New Core C/D Assessment Project Template

R packages development

This document provides a general framework for assessing the software and computing needs of a particular project.

The first step consists on answering the following questions:

  • In a paragraph, describe what is the project about.
  • List the project's specific goals (e.g. make the method available for public use, create a webservice, present this analysis)
  • Think about what are your computing/software needs, and list them.

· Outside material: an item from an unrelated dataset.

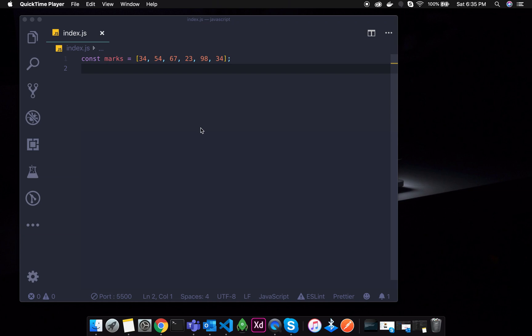Hello World! This is JavaScript tutorial number 23. In this tutorial, we will talk about the reduce function.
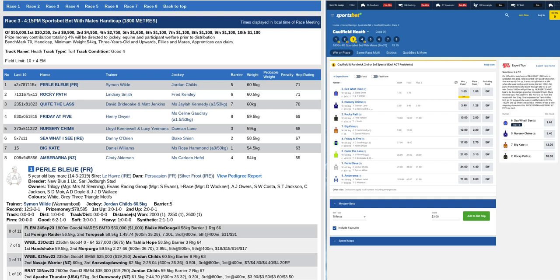Okay, we're going to take a quick look at race three at Caulfield on Wednesday. No doubting this is an 1800 meter, 55k benchmark 70, likely to be run at a slow tempo on the front end, three-year-olds and upwards fillies and mares.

Once a general overview of the project has been defined, the next step consists on analyzing the following:

Fundamental questions/tasks

  • Check for other R packages/software that does what the project tries to do.
  • Describe the ultimate goal of your R package (e.g. solve an optim problem, implement a visualization problem, estimate parameters, etc.)
  • Think about data (if any needed), in particular, input/output, have you checked any R packages that already have this?
  • Create a repository for the package.

Once the project is on git, following checkmarks

  • The package's functions are throughly documented using roxygen2, this includes: Description, parameters (@param), value (@return), details (if any), examples (@details), references (@references) and links to other functions (@seealso, and @family).
  • The package has been fully tested using testthat or other framework.
  • The project is built using Continuous Integration services as Travis-ci and Appveyor.
  • The package includes a vignette with an extended example and, if needed, references on the package.
  • The package has a website (suggest using pkgdown)
  • The package has been uploaded to CRAN or BioC.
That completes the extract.